Cosmological constraints on induced gravity dark energy models

TL;DR

This paper investigates induced gravity dark energy models with monomial potentials, using recent cosmological data to constrain the coupling to Ricci curvature and improve bounds on deviations from standard gravity.

Contribution

It provides new constraints on the coupling parameter in induced gravity dark energy models using Planck and BAO data, highlighting the models' viability and dependence on potential exponent.

Findings

95% CL bound on coupling: γ < 0.0017 with Planck 2015 data

Bound tightened to γ < 0.00075 with additional BAO data

Improved limits compared to previous Planck 2013 results

Abstract

We study induced gravity dark energy models coupled with a simple monomial potential $\propto \sigma^n$ and a positive exponent $n$. These simple potentials lead to viable dark energy models with a weak dependence on the exponent, which characterizes the accelerated expansion of the cosmological model in the asymptotic attractor, when ordinary matter becomes negligible.
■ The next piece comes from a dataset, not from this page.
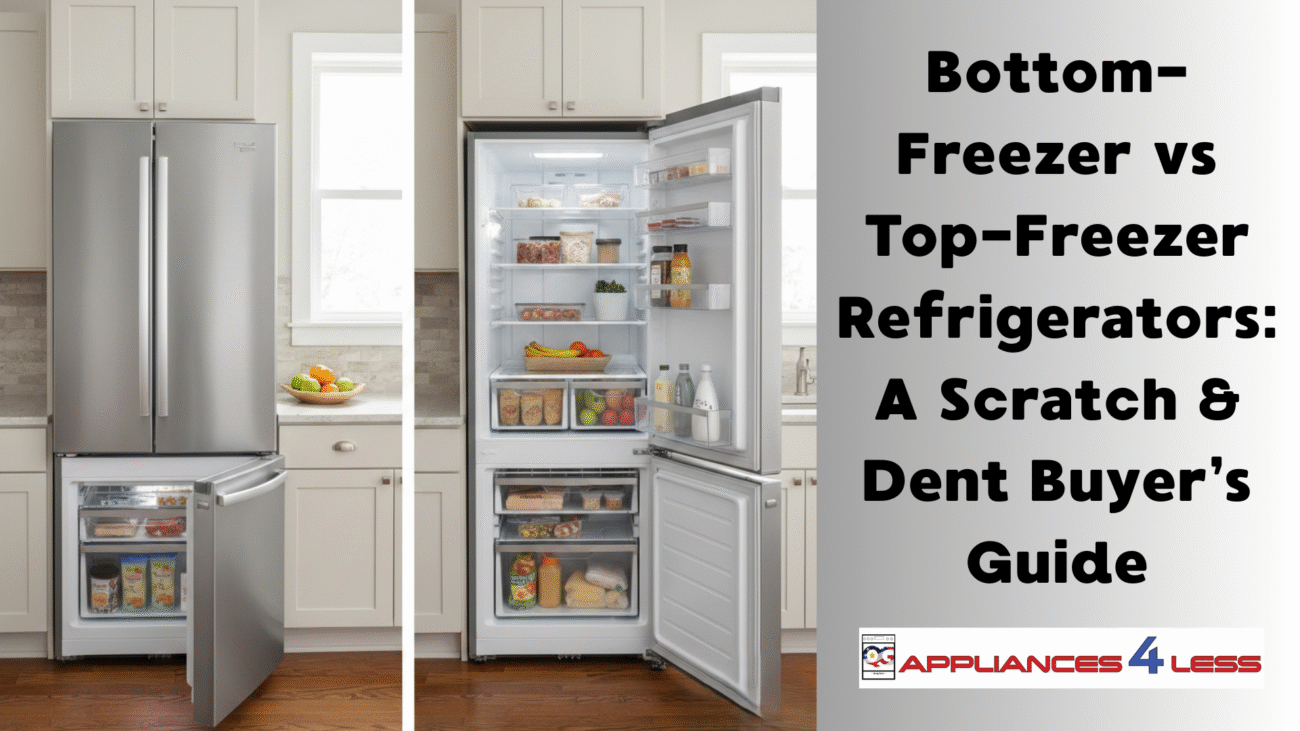 Top-Freezer Refrigerators vs Bottom-Freezer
We use recent cosmological data to constrain the coupling $\gamma$ to the Ricci curvature, under the assumptions that the scalar field starts at rest deep in the radiation era and that the gravitational constant in the Einstein equations is compatible with the one measured in a Cavendish-like experiment. By using $Planck$ 2015 data only, we obtain the 95 % CL bound $\gamma < 0.0017$ for $n=4$, which is further tightened to $\gamma < 0.00075$ by adding Baryonic Acoustic Oscillations (BAO) data. This latter bound improves by $\sim 30$ % the limit obtained with the $Planck$ 2013 data and the same compilation of BAO data. We discuss the dependence of the $\gamma$ and $\dot G_N/G_N (z=0)$ on $n$.